> **DATA FOR THIS TASK**:
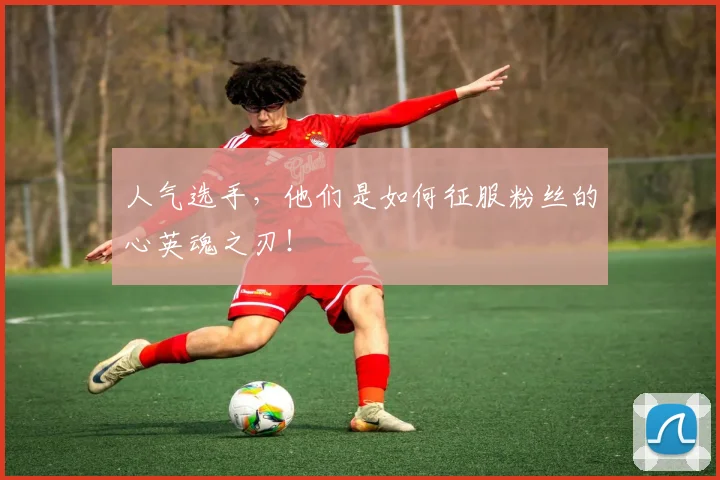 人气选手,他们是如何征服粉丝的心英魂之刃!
==
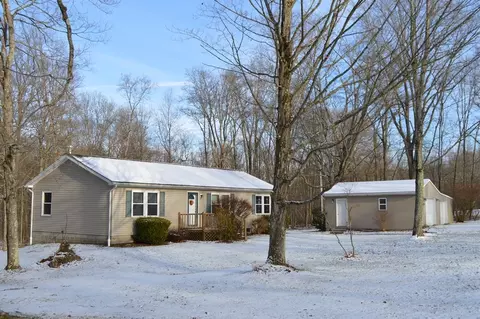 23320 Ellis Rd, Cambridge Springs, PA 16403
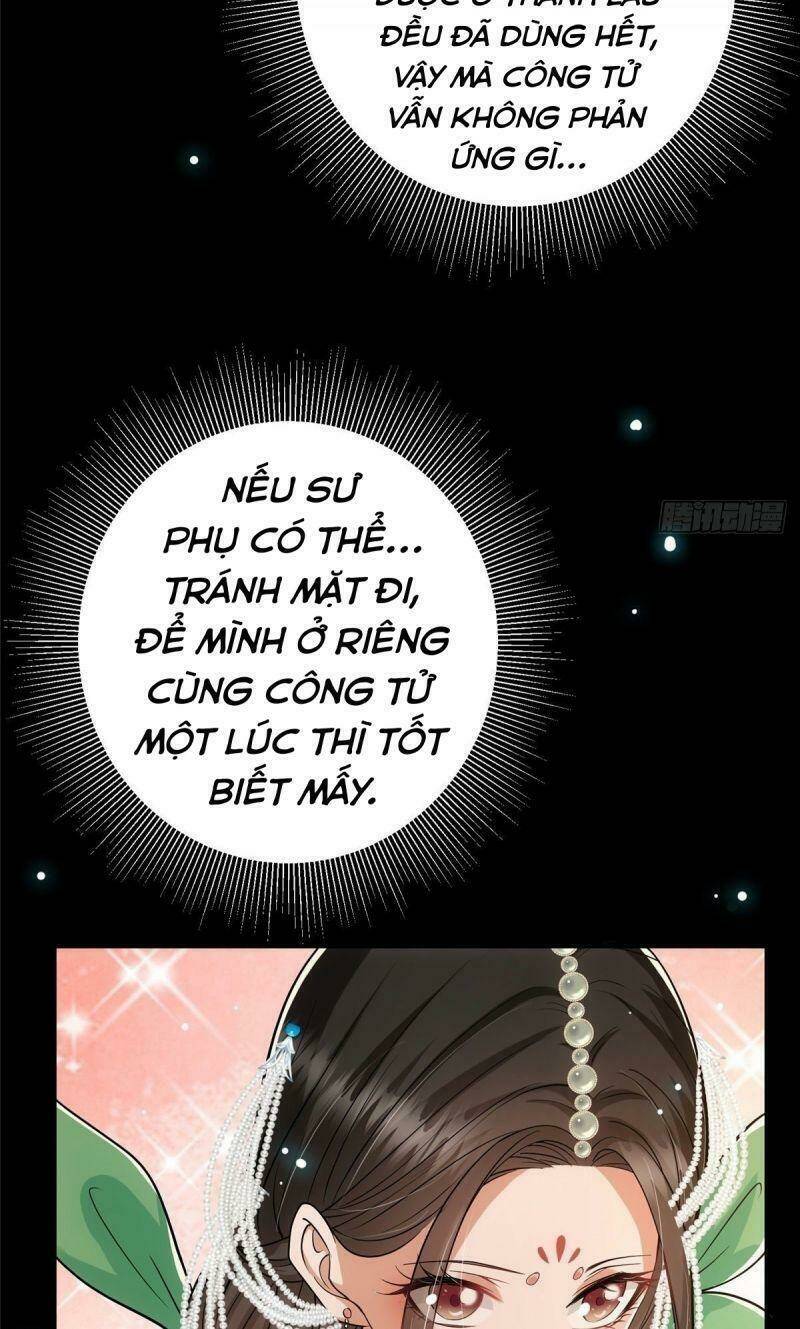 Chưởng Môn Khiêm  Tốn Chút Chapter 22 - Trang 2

> **EXERCISE AIM**: Within the entries above, give again exactly the lines starting at the one that contains "23320 Ellis Rd, Cambridge Springs, PA 16403" and ending at the one that contains "Chưởng Môn Khiêm", leaving out the pictures.

> **YOUR SOLUTION**:
 23320 Ellis Rd, Cambridge Springs, PA 16403
 Chưởng Môn Khiêm  Tốn Chút Chapter 22 - Trang 2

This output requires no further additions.